→ **PROBLEM TO WORK ON**: Pictures are not part of the copy; retype all the records below exactly.

→ **WORKING DATA**:

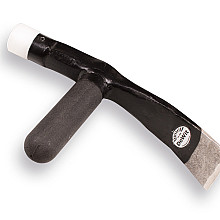 straathamer met fiberglas steel bekbreedte 70 mm. met nylon dop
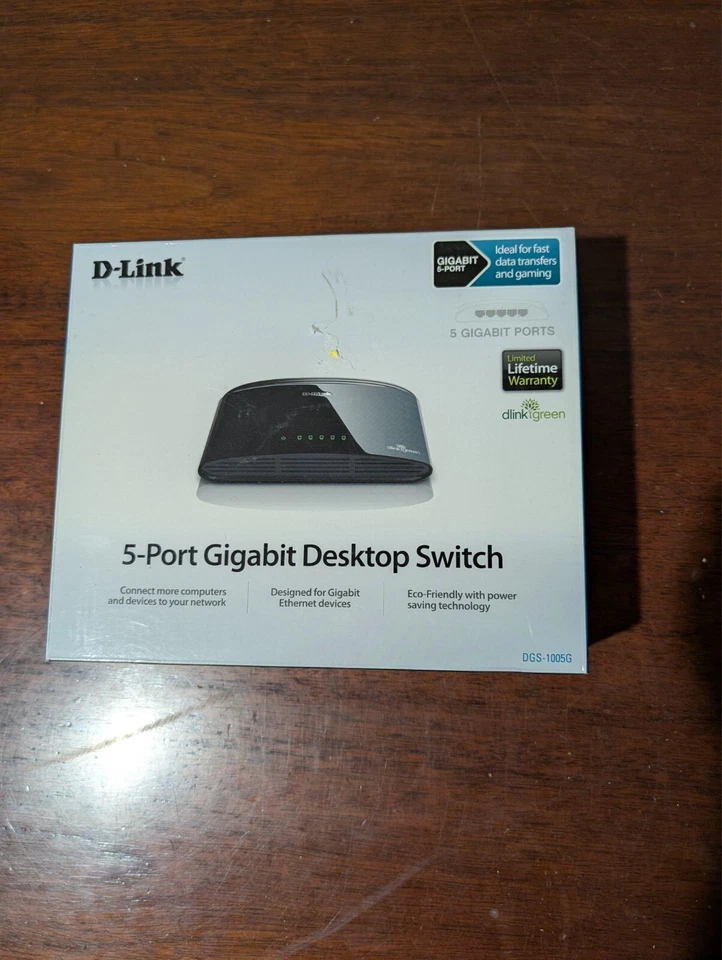 D-Link DGS-1005G 5-Port Gigabit Desktop Switch 1000mbps NEW Sealed Eco-friendly - Image 2 of 4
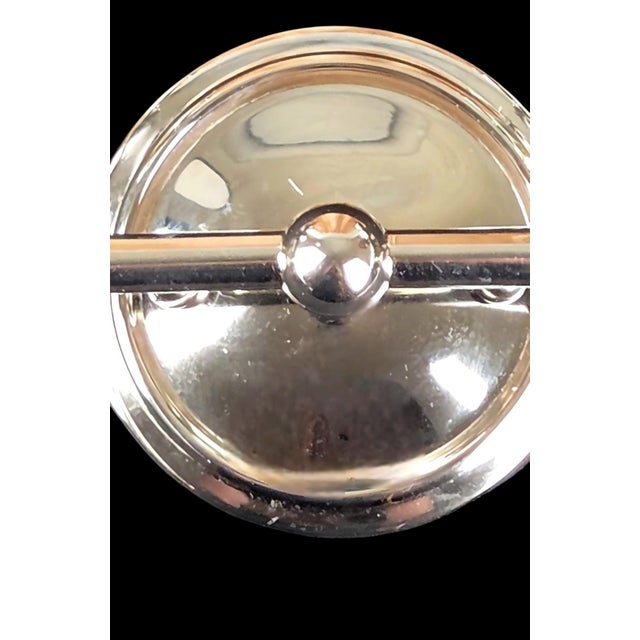 Metal Hudson Valley Abington Polished Nickel Double Candle Wall Sconces - Pair For Sale - Image 7 of 8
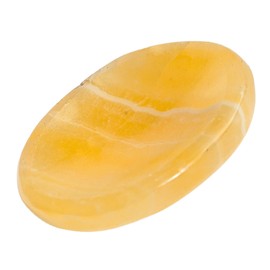 Yellow Calcite Worry Stones – Crystal Thumb Worry Stone for Anguish, Stress – Relaxing & Soothing Balance Stones for Meditation, Relief – Healing Stones & Crystals for Men, Women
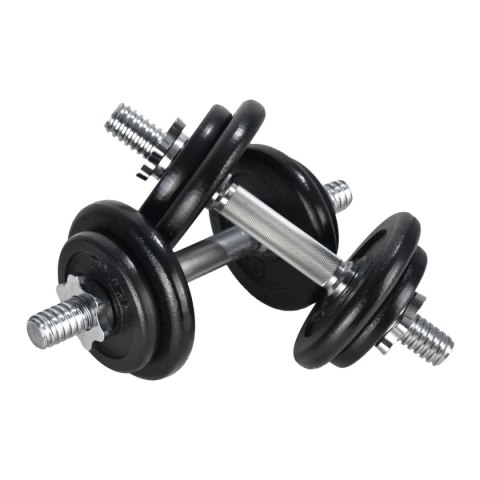 HANTLE REGULOWANE - ZESTAW HANTLI DO TRENINGU SIŁOWEGO 4x2,5kg ORAZ 4x1,25kg +ETUI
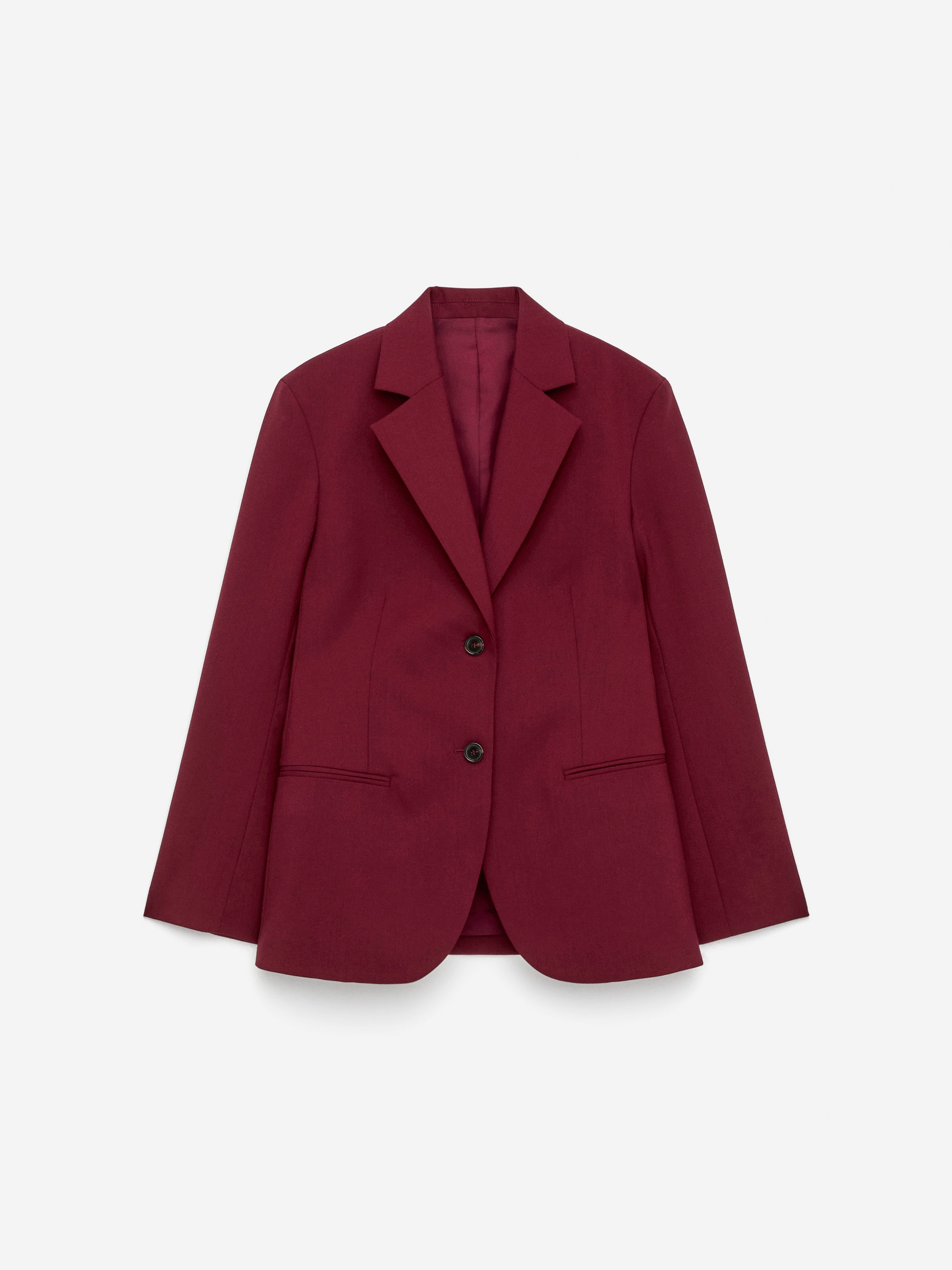 Hopsack Wool Blazer-#633337-16907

→ **RESPONSE TO THE EXERCISE**:
 straathamer met fiberglas steel bekbreedte 70 mm. met nylon dop
 D-Link DGS-1005G 5-Port Gigabit Desktop Switch 1000mbps NEW Sealed Eco-friendly - Image 2 of 4
 Metal Hudson Valley Abington Polished Nickel Double Candle Wall Sconces - Pair For Sale - Image 7 of 8
 Yellow Calcite Worry Stones – Crystal Thumb Worry Stone for Anguish, Stress – Relaxing & Soothing Balance Stones for Meditation, Relief – Healing Stones & Crystals for Men, Women
 HANTLE REGULOWANE - ZESTAW HANTLI DO TRENINGU SIŁOWEGO 4x2,5kg ORAZ 4x1,25kg +ETUI
 Hopsack Wool Blazer-#633337-16907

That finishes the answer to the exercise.